Project description:Since the first COVID-19 reports back in December of 2019, this viral infection caused by SARS-CoV-2 has claimed millions of lives. To control the COVID-19 pandemic, the Food and Drug Administration (FDA) and/or European Agency of Medicines (EMA) have granted Emergency Use Authorization (EUA) to nine therapeutic antibodies. Nonetheless, the natural evolution of SARS-CoV-2 has generated numerous variants of concern (VOCs) that have challenged the efficacy of the EUA antibodies.
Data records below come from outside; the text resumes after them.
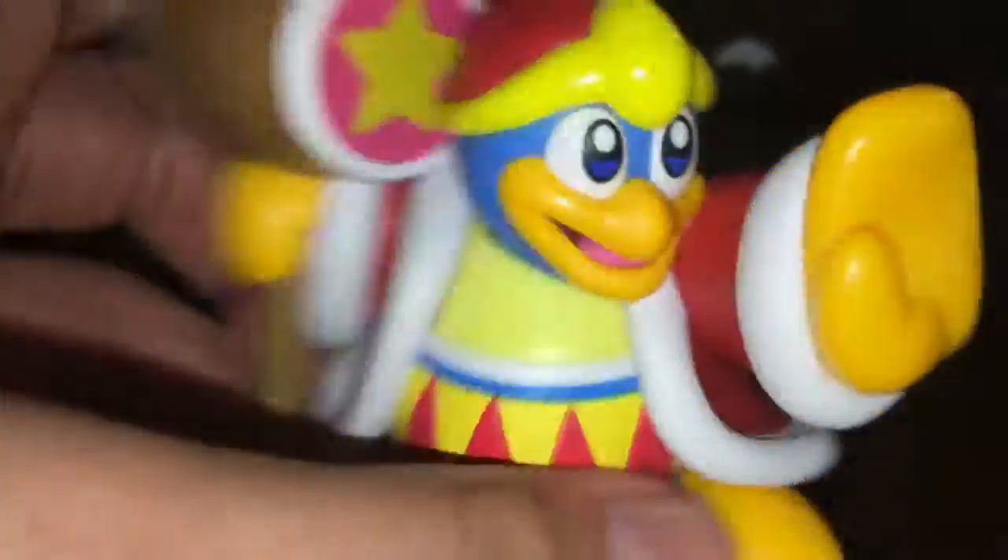Oh my gosh, I can get King Dedede and Meta Knight! But I just got King Dedede stuff for now. I'll make the full review once I have all four of the Kirby amiibos.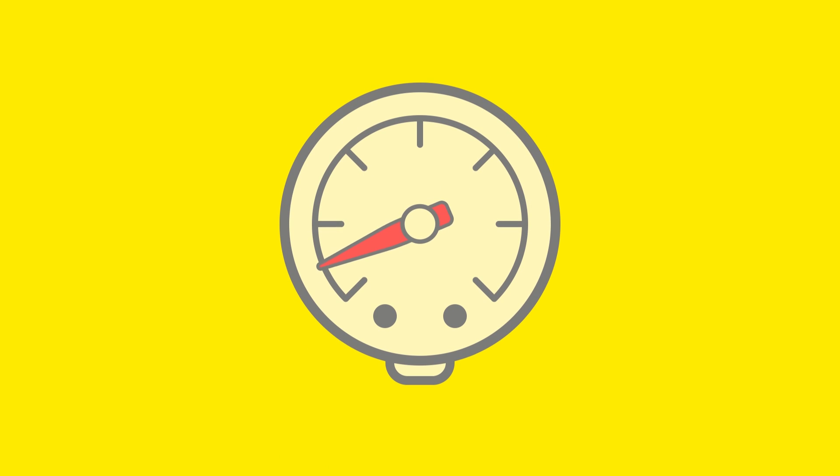And then we need some information on the pressure. What is the highest and what is the lowest pressure in the process? Are there fast pressure changes?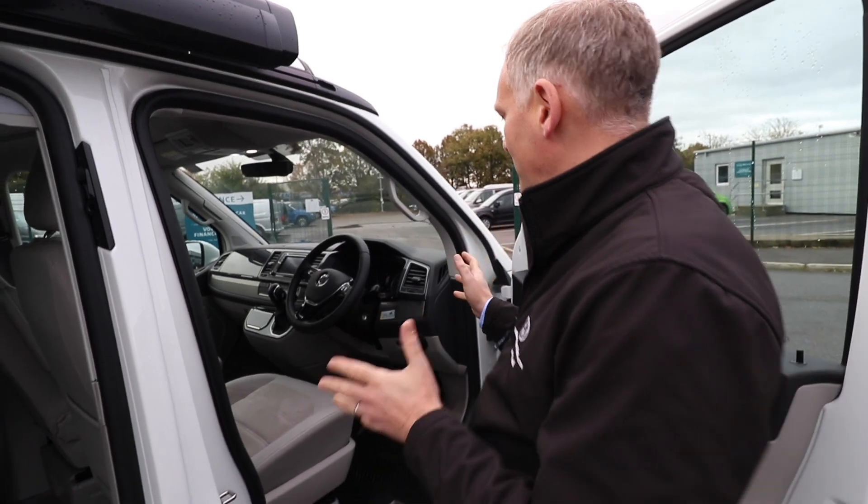I'm going to show you how you swivel this right around, give you tips on what I do, and then we'll do the passenger one as well just so we've got both of them. First things first, you've got to make sure that everything on the vehicle is pushed in.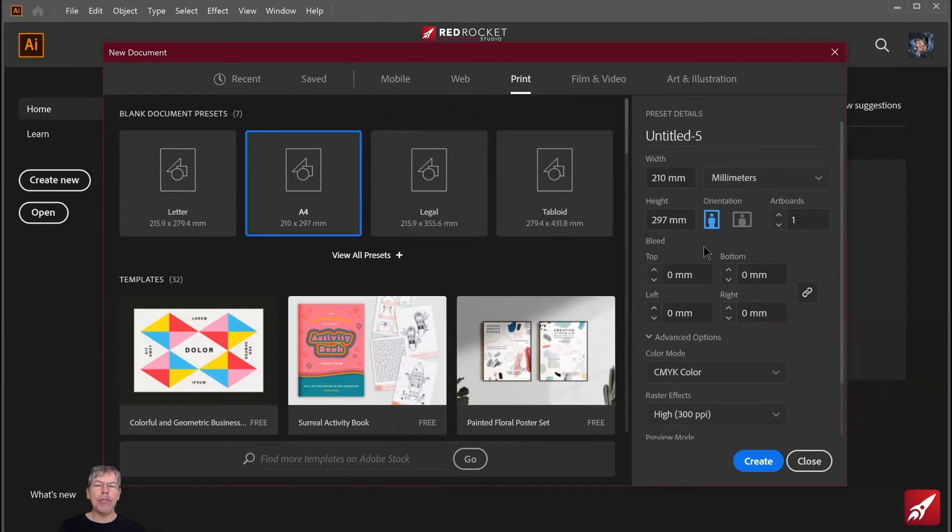When it comes to printing things out, we need to make our poster slightly bigger than the size it's going to be printed to, because printers print on large rolls of paper and then use a guillotine to cut the posters up to size. If you just make your poster the exact size, the guillotine might be slightly off and leave a little bit of white or unprinted area. So we're going to go down to the bleed and add a bleed guide around the outside.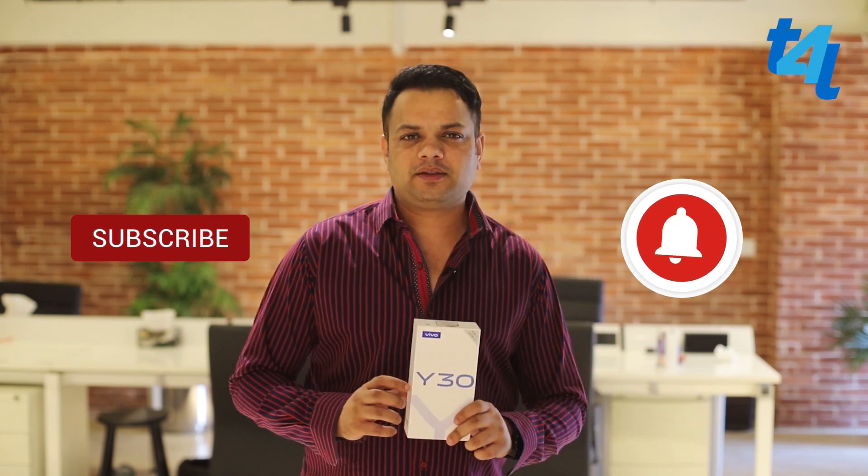Assalamualaikum, my name is Akram Ali and you are watching Tech4Test. If you haven't subscribed to our channel, subscribe and hit the bell button.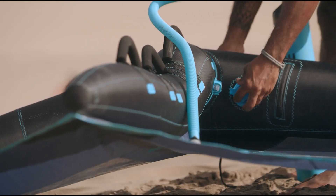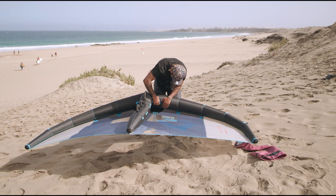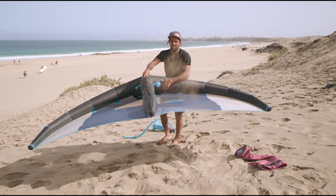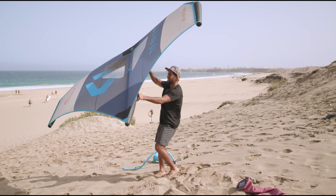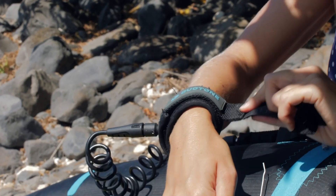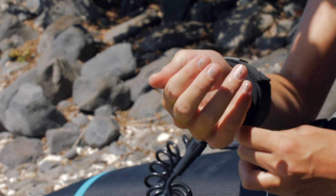Detach the pump hose and securely tighten the inflation cover cap. Detach the pump leash. Hold the wing by the forward handle, lift it up and flip it over into flight mode. Connect your leash and you're ready for your session.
Here, we review the most relevant characteristics of these therapeutic antibodies, including timeline of approval, neutralization profile against the VOCs, selection methods of their variable regions, somatic mutations, HCDR3 and LCDR3 features, isotype, Fc modifications used in the therapeutic format, and epitope recognized on the receptor-binding domain (RBD) of SARS-CoV-2. One of the conclusions of the review is that the EUA therapeutic antibodies that still retain efficacy against new VOCs bind an epitope formed by conserved residues that seem to be evolutionarily conserved as thus, critical for the RBD:hACE-2 interaction. The information reviewed here should help to design new and more efficacious antibodies to prevent and/or treat COVID-19, as well as other infectious diseases.